One part I wasn’t quite satisfied with in the original pixel perfect collision sample was the need to render the image in order to extract its data. Shawn Hargreaves suggested that I skip the middle man (at least for a few common formats), copy the data directly from the texture and perform CPU-side conversion to eliminate the render step and avoid spinning up the GPU rendering pipeline. I thought that was an excellent idea, so that’s what I’ve done. (Shawn just provided the idea; if the code has problems, that’s my fault!)
The new DX::GetTexture2DCollisionDataNoRender function operates on a texture with one of the following formats: DXGI_FORMAT_B8G8R8A8_UNORM, DXGI_FORMAT_R8G8B8A8_UNORM, DXGI_FORMAT_R32G32B32A8_FLOAT, DXGI_FORMAT_BC1_UNORM (Dxt 1 in old terminology), or DXGI_FORMAT_BC3_UNORM (Dxt 5). Other formats may be added as time allows, though you can easily enough add your own formats if you need them. I should note that this function will produce minor discrepancies (up to 2/255ths difference in my testing) in color and alpha channels for formats where conversion beyond mere swizzling is required. The data from this function should be more accurate since it does not rely on any vagaries of driver implementations. (In my testing of the BC1 and BC3 formats, I observed that CPU-side conversions perfectly matched the color values that could be found by opening up the BC1/3 DDS texture files in Visual Studio 2012’s image editor and using its eye dropper tool to inspect individual pixel’s color values. The original rendering method produced different variations depending on the target hardware (e.g. my Surface RT vs. my developer laptop with an Intel CPU and AMD GPU) and the specifics of the texture data). So if you are relying on this data for more than simple transparent/opaque checks, you should prefer this function to the original DX::GetTexture2DCollisionData since you should get more consistent results with this new function.

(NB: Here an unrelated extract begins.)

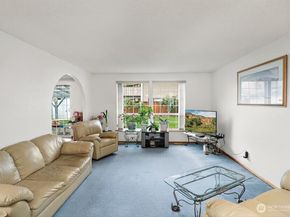 15401 Meridian Avenue N, Shoreline WA 98133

I also fixed a few bugs in the original. Key among them was that the memcpy_s function call in DX::GetTexture2DCollisionData was improperly using the row pitch for destination offsets rather than the texture width * 4 (bytes in a B8G8R8A8 pixel). It happened that the row pitch for a B8G8R8A8 texture was the same as the byte width which is why no erroneous results were produced. But this is an implementation detail in D3D drivers, one which could change any time and which might not even be true for some graphics cards/drivers.
Lastly I moved most of the function definitions (i.e. the bodies of them) from CollisionDetection2D.h to a new file, CollisionDetection2D.cpp. This was done both to keep the header file clean and easy to understand and also to speed compilation times when a change needed to be made in one of the collision detection functions.
The link from the original post will now grab the updated project. For reference, here it is again: PerPixelCollisionDetection.zip . I plan to move on from collision detection now. What’ll come next? We’ll see!